Examining the São Tomé and Príncipe Coup attempt

The current administration in São Tomé and Príncipe earned re-election in September 2022, but just two months later, it would be tested with an incident that continues to challenge the country’s governance and rule of law. On 25 November 2022, a group of seven individuals were arrested after reportedly attempting to seize control of the army. What seemed to be another attempted coup d’etat in the country’s history of such incidents, the true intentions of the group have been surrounded by controversy because six of the individuals, including the main suspect, were tortured and killed after being taken into custody by the Santomean army. The government took action to close this incident with the dismissal of the Chief of the Army and other soldiers who were involved in the mistreatment and eventual death of the arrested individuals, but the situation is not yet over.

 

What has taken place in São Tomé and Príncipe offers a useful examination into the role of the country’s governance, rule of law, and third parties in settling domestic crisis, mitigating the risk of escalation, and ensuring a foundation for long-term peace and stability. While the government continues to work through the aftermath of this most recent coup attempt, there are already notable issues and insights from this incident.

 

Background on São Tomé and Príncipe

The Democratic Republic of São Tomé and Príncipe is a young democracy with a history of internal power struggles. An island nation situated off the coast of central Africa, São Tomé and Príncipe was a Portuguese colony until gaining its independence in 1975. It struggled with free and open governance, eventually instituting democratic reforms in the late 1980s. The country held its first free elections in 1991, but frequent internal wrangling between the various political parties precipitated repeated changes in leadership and five failed, non-violent coup attempts in 1995, 1998, 2003, 2009, and 2022.

 

The current prime minister is Patrice Trovoada, who held the role from February 2008 to June 2008, from August 2010 to December 2012, and again from November 2014 to December 2018. He is a dynastic Santomean leader as his father, Miguel Trovoada, served as president from 1991 to 2001. His rule, although seemingly sure handed, has led to some controversy over the methods for ensuring his series of election victories over time.

 

Meanwhile, the Armed Forces of São Tomé and Príncipe are a relatively small group. Originally accommodating an end strength of about 600 soldiers, the government reduced its numbers following previous coup attempts. Its current end strength is around 300 today to serve a population of about 200,000.

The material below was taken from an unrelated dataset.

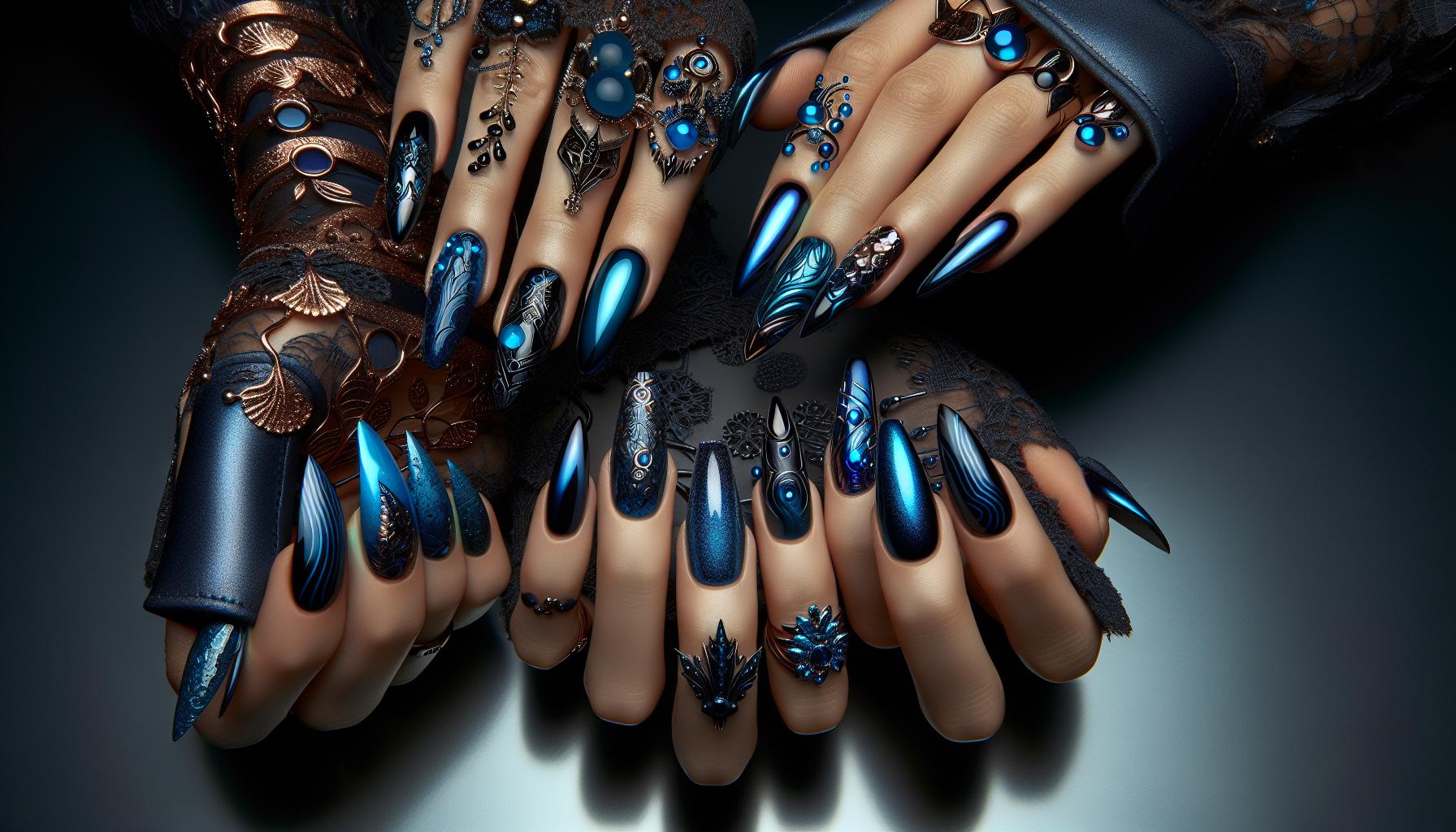 Deep Ocean Blue Chrome with Underwater Nail Art for ⁤Allure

Map of São Tomé and Príncipe


Investigating the November 2022 coup attempt

When the coup attempt happened in November 2022, it first appeared as though it might have been like the four previous attempts. However, many questions continue to linger owing to the inability to interrogate the principal suspects who were killed in custody. Who was the real mastermind behind the coup? What were their main motives, and why engage the army at that time?

 

After nearly a year of waiting, the questions should have been answered with the trial conducted by the Santomean tribunal. But the early stages of this proceeding focused less on the incident than with the reactions of the army, including the death of the six suspects. Any accusation of wrongdoing against the army prompted supporters to attend the trial and express that their lives were in danger. They claimed that this fear was due to the fact most army leaders live with their families close to the base where the coup attempt occurred.

 

Recognizing potential issues in the conduct of the police investigation in São Tomé and Príncipe, the Santomean government requested third party assistance from Portugal, both in terms of investigation and legal assistance. They also requested that Portugal send a medical examiner to confirm the cause of death of the suspects. The Portuguese government answered the call, dispatching a lead investigator by the name of Joao Pedro Varandas. Varandas and his team arrived in São Tomé and Príncipe on 27 November, soon finding at least one part of their investigation to be straightforward.

 

The Portuguese medical examiner quickly discovered that the suspects were killed by means of torture. In addition to the autopsies, videos of the bodies and the supposed investigation done by the army on the suspects were posted on the internet, clearly illustrating how the suspects were tortured. Based on the autopsy reports and the clear video evidence, the investigation pointed to foul play by Santomean uniformed service members who then faced criminal charges for their conduct following the coup.

 

However, this is not the only question that needed an answer as there were still the issues of why the coup happened and who did it? Vargas offered his testimony in October 2023 during the corresponding trial on the coup attempt. The Portuguese investigator identified that the individuals killed in custody—particularly the leader of the group, Arlécio Costa—were behind the attempt.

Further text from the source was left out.